Cuttlefish are full of personality, as behavioral ecologist Alexandra Schnell found out while researching the cephalopod's potential to display self-control. . . . " Self-control is thought to be the cornerstone of intelligence, as it is an important prerequisite for complex decision-making and planning for the future," says Schnell . . .
[Schnell's] study used a modified version of the " marshmallow test " . . . During the original marshmallow test, psychologist Walter Mischel presented children between age four and six with one marshmallow. He told them that if they waited 15 minutes and didn't eat it, he would give them a second marshmallow. A long-term follow-up study showed that the children who waited for the second marshmallow had more success later in life. . . . The cuttlefish version of the experiment looked a lot different. The researchers worked with six cuttlefish under nine months old and presented them with seafood instead of sweets. (Preliminary experiments showed that cuttlefishes' favorite food is live grass shrimp, while raw prawns are so-so and Asian shore crab is nearly unacceptable.) Since the researchers couldn't explain to the cuttlefish that they would need to wait for their shrimp, they trained them to recognize certain shapes that indicated when a food item would become available. The symbols were pasted on transparent drawers so that the cuttlefish could see the food that was stored inside. One drawer, labeled with a circle to mean "immediate," held raw king prawn. Another drawer, labeled with a triangle to mean "delayed," held live grass shrimp. During a control experiment, square labels meant "never."
"If their self-control is flexible and I hadn't just trained them to wait in any context, you would expect the cuttlefish to take the immediate reward [in the control], even if it's their second preference," says Schnell . . . and that's what they did. That showed the researchers that cuttlefish wouldn't reject the prawns if it was the only food available. In the experimental trials, the cuttlefish didn't jump on the prawns if the live grass shrimp were labeled with a triangle - many waited for the shrimp drawer to open up. Each time the cuttlefish showed it could wait, the researchers tacked another ten seconds on to the next round of waiting before releasing the shrimp. The longest that a cuttlefish waited was 130 seconds.
Schnell [says] that the cuttlefish usually sat at the bottom of the tank and looked at the two food items while they waited, but sometimes, they would turn away from the king prawn "as if to distract themselves from the temptation of the immediate reward." In past studies, humans, chimpanzees, parrots and dogs also tried to distract themselves while waiting for a reward.
Not every species can use self-control, but most of the animals that can share another trait in common: long, social lives. Cuttlefish, on the other hand, are solitary creatures that don't form relationships even with mates or young. . . . "We don't know if living in a social group is important for complex cognition unless we also show those abilities are lacking in less social species," says . . . comparative psychologist Jennifer Vonk.

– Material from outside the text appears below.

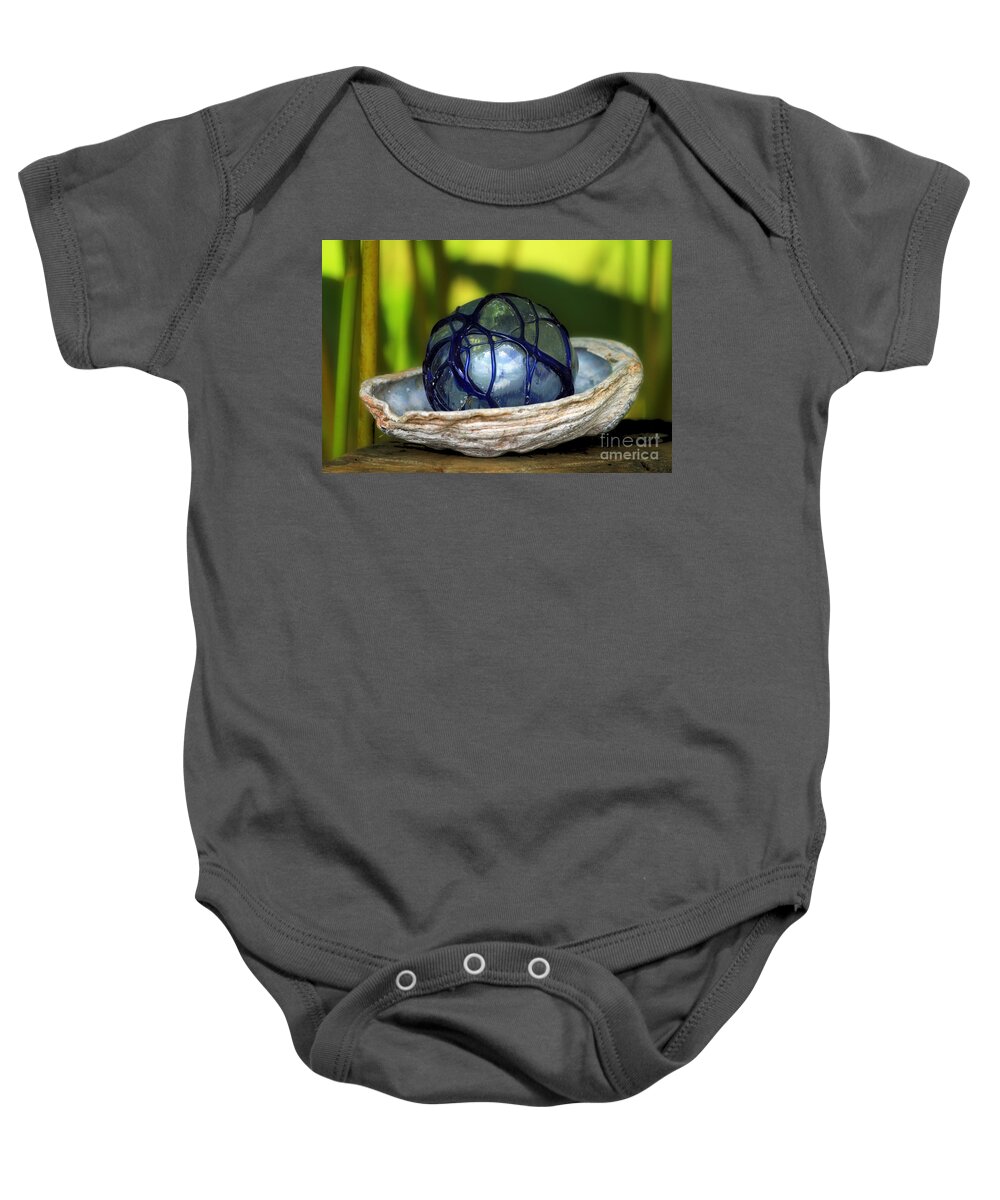 Still Life Baby Onesie featuring the photograph Glass Ball in a Sea Shell by Teresa Zieba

In which one of the following scenarios would the cuttlefish's behaviour demonstrate self-control?
Answer & solution
Asian shore crabs and raw prawns are simultaneously released while a live grass shrimp drawer labelled with a triangle is placed in front of the cuttlefish, to be opened after one minute.
- B
raw prawns are released while a live grass shrimp drawer labelled with a square is placed in front of the cuttlefish.
- C
live grass shrimp are released while two raw prawn drawers labelled with a circle and a triangle respectively are placed in front of the cuttlefish; the triangle-labelled drawer is opened after 50 seconds.
- D
raw prawns are released while an Asian shore crab drawer labelled with a triangle is placed in front of the cuttlefish, to be opened after one minute.
Easy
Self-control here means resisting an available, lesser-preferred food to wait for the delayed, most-preferred food (live grass shrimp, marked with the "delayed" triangle). The correct scenario must (i) make a less-preferred food immediately available, and (ii) require waiting for the shrimp. Reject scenarios where the shrimp is already given, or where the cuttlefish need not wait for it.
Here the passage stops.